Ironic, coming from a (formerly) revisionist movement.

What is maybe a little new is someone sticking out their professional reputation to say these things.

Edgy by the standards of most American academics, but pretty tame by Caplan's standards, no?

Well, it's certainly a milder criticism than "almost all education is just signaling".

Yeah, the book has been out for a bit already without much attention. I haven't read it all yet, but my impression so far is that it is much less meticulous than The Case Against Education. This may be a good thing--The Case Against Education was extremely strong, but sometimes felt like a Gish gallop against public education. Nothing in Don't be a Feminist is surprising, but then, Christina Hoff Summers took a similar approach almost 30 years ago, and everyone who liked it already doubted feminism, and I don't know any feminists who were persuaded by it.

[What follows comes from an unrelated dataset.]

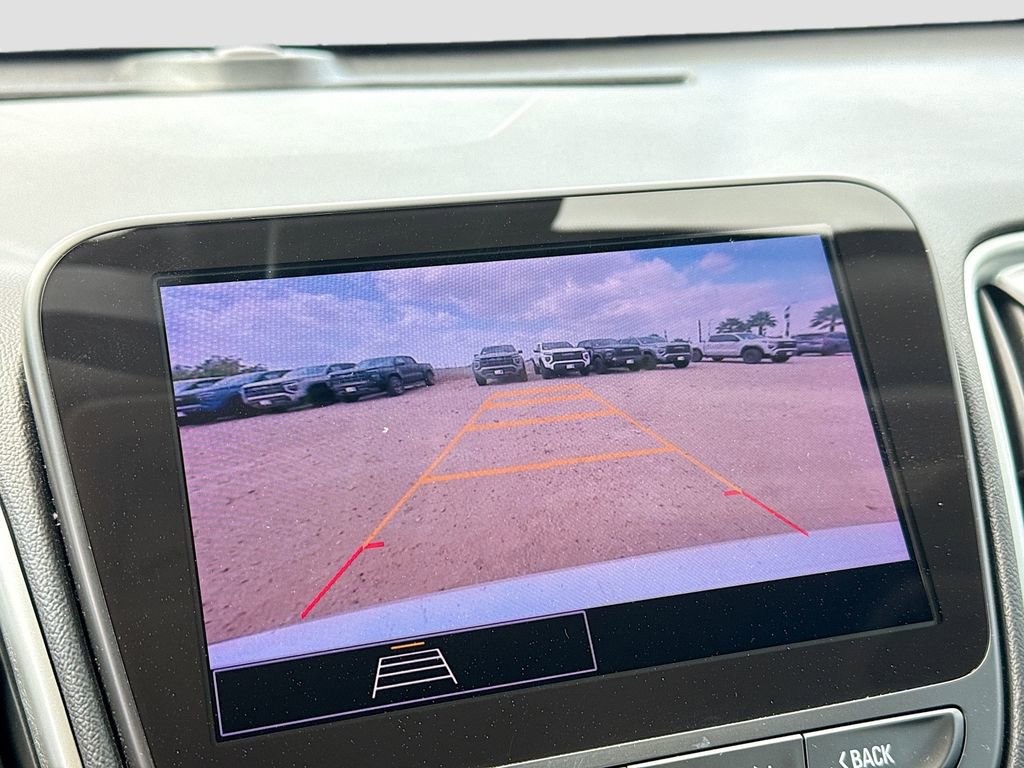 Used 2023 Chevrolet Malibu LS w/ LPO, Floor Liner Package FWD image 16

So this seems like a piece of (welcome!) cultural maintenance from Caplan--something novel to hand to smart girls who are surrounded by indoctrinating "girl power" nonsense--but I don't see anything groundbreaking here.

but sometimes felt like a Gish gallop against public education

I really think you are using Gish gallop incorrectly here. From wikipedia:

The Gish gallop is a rhetorical technique in which a person in a debate attempts to overwhelm their opponent by providing an excessive number of arguments with no regard for the accuracy or strength of those arguments. In essence, it is prioritizing quantity of one's arguments at the expense of quality of said arguments.

Providing a bunch of high quality arguments is not a Gish gallop. And with how heavily researched and cited The Case Against Education is, it seems wrong to say they are low effort and low quality arguments. Also Gish Gallop doesn't really apply for book format. There is a nearly unlimited amount of space and time to reply to all of Caplan's argument. In fact, calling it a Gish Gallop creates a catch-22 for an author in Caplan's position. Either they address all the arguments against their case and get called a Gish Gallop, or they only present their strongest arguments and get called out for 'not addressing x problem'.

I really think you are using Gish gallop incorrectly here.

Well, maybe, but I didn't say it was a Gish gallop--just that it sometimes felt like being on the receiving end of a Gish gallop. More toward the latter half of the book, where sometimes it can feel like he might be smuggling libertarian axioms in with the rest of the actual research, but there's so much research on offer that it's difficult to pick any one claim and say "okay, here's the unproven bit." This is not my personal criticism, mind--I loved the book--but it is a criticism I have encountered, and which it seems plausible that Caplan might be responding to, consciously or unconsciously, with the slightly different approach taken in Don't be a Feminist.

and I don't know any feminists who were persuaded by it.

What possible reason do they have to be convinced?

Feminism is a useful lobbying tool, masquerading as a human rights movement. Not just that: it's the ideology that a lot of people use to make sense of the world.

Just out of pure self-interest I don't expect many feminists to turn.